Koa was one of the first API frameworks to leverage ES6 and ES7 features explicitly. This shows as the documentation mentions using Babel for older Node.js versions.
Koa comes with a list of third party middlewares almost as long as Express although a lot of them seem to be abandoned or just not maintained on a regular basis.
Another twist is that Nest comes with a built-in GraphQL adapter that leverages the popular Apollo framework, although there are recipes available for more traditional ORMs and databases such Mongo using Mongoose or MySQL/Postgres using TypeORM.
2018 was a good year for Nest and we’re excited to see what 2019 brings.
Restify is squarely aimed at providing a framework for building RESTful APIs, where other frameworks tend to solve API, static content and template parsing problems. It is used in production by NPM, Netflix, Joyent and Pinterest.

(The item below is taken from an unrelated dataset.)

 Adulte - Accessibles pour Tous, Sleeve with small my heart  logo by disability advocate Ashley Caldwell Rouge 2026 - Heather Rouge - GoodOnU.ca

This focus translates into its documentation and guides. They are simple and to the point. Extensions are build using the plugin API, although the third party plugins are spread very thin.
Stressing debuggability as one of its main pilllars, it is cool to see that Restify includes automatic generation of Dtrace probes, a feature not commonly found in any of the other frameworks.
Sails was arguably the first Node.js web framework to provide a “full stack” experience similar to Rails on the Ruby platform; hence the name. It provides an opinionated MVC framework and matching stack of technologies to tackle most business-type scenarios.
This means you can set up a CRUD app very quickly due the configuration-over-code principle and the sane defaults chosen by the developer. Similar to Rails, Sails has scaffold generators to create API endpoints based on objects / entities. Sails comes with its own Waterline ORM which can front multiple database types like Postgres, MongoDB and even Redis.
Originated at the Balderdashy company, they have now renamed to “the Sails Company” and provide enterprise support.
Server.js started in 2017 and has seen steady, but not explosive growth over 2018. Being this new, Server.js uses modern ES2016 and ES2017 language features throughout. Every install comes with batteries included: file serving, websockets, CSRF, SSL etc. Even storing sessions in a Redis store is available by default.
Because Server.js is also based on Express, you can use Express middlewares to extend its functionality.
Next to having a great NPM package name, Server.js looks very promising as light weight but stilly pretty full stack API and web framework.